(Collection entries)
──────────────────────────────

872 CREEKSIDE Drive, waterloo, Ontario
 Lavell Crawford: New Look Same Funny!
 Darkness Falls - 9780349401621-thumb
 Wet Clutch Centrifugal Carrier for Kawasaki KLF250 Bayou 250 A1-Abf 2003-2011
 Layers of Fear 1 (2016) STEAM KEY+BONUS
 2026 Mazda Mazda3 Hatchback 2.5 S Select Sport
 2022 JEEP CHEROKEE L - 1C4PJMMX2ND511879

──────────────────────────────

__What is needed__: From the line containing "2026 Mazda Mazda3" down to the last line, reproduce the records exactly. Include both ends.

__Solution below__:
 2026 Mazda Mazda3 Hatchback 2.5 S Select Sport
 2022 JEEP CHEROKEE L - 1C4PJMMX2ND511879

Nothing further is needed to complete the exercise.